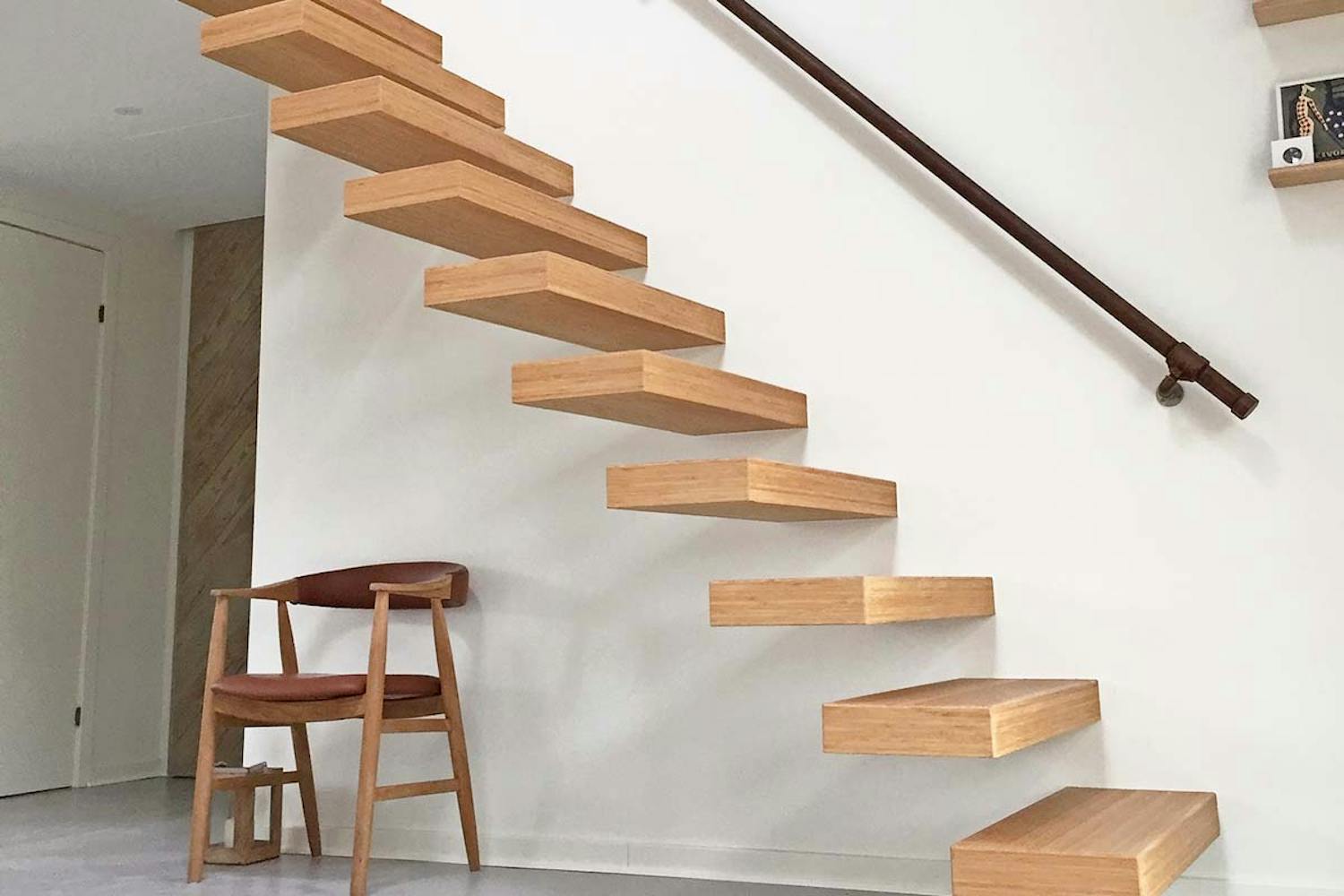 Svävande trappa Hemligheten bakom en svävande trappa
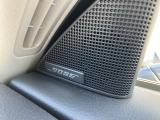 【BOSEサウンドシステム】を搭載しています。室内の反響率やシート生地など、全てを計算。その車種ごとにチューンナップされた専用音響空間です。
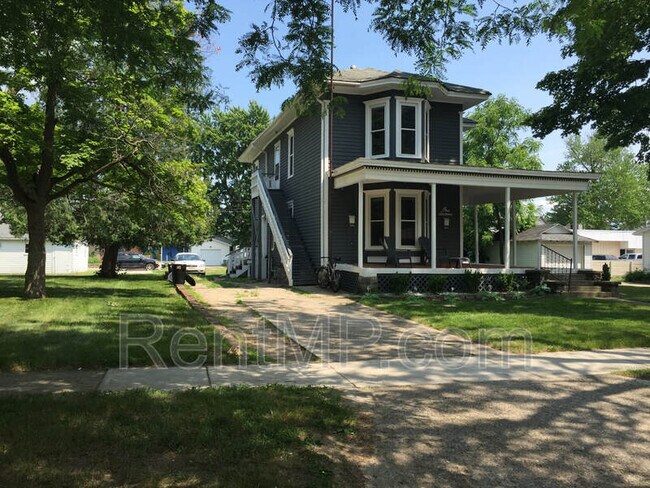 Foto del edificio - 116 N Kinney Ave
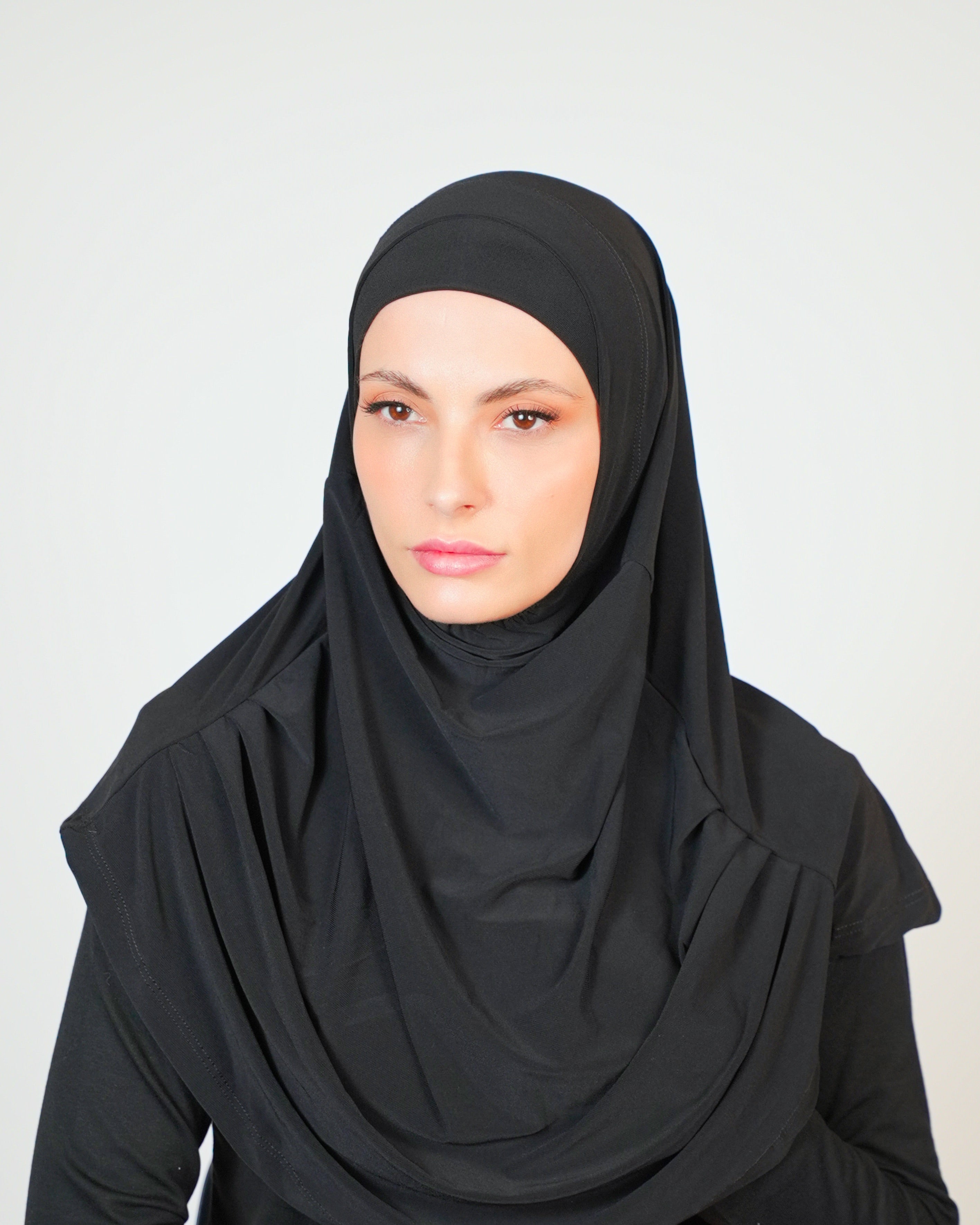 حجاب من قطعتين من الليكرا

- _Task statement_
Please retype the data exactly. The pictures do not go in.

- _Solution to the problem_
 Svävande trappa Hemligheten bakom en svävande trappa
 【BOSEサウンドシステム】を搭載しています。室内の反響率やシート生地など、全てを計算。その車種ごとにチューンナップされた専用音響空間です。
 Foto del edificio - 116 N Kinney Ave
 حجاب من قطعتين من الليكرا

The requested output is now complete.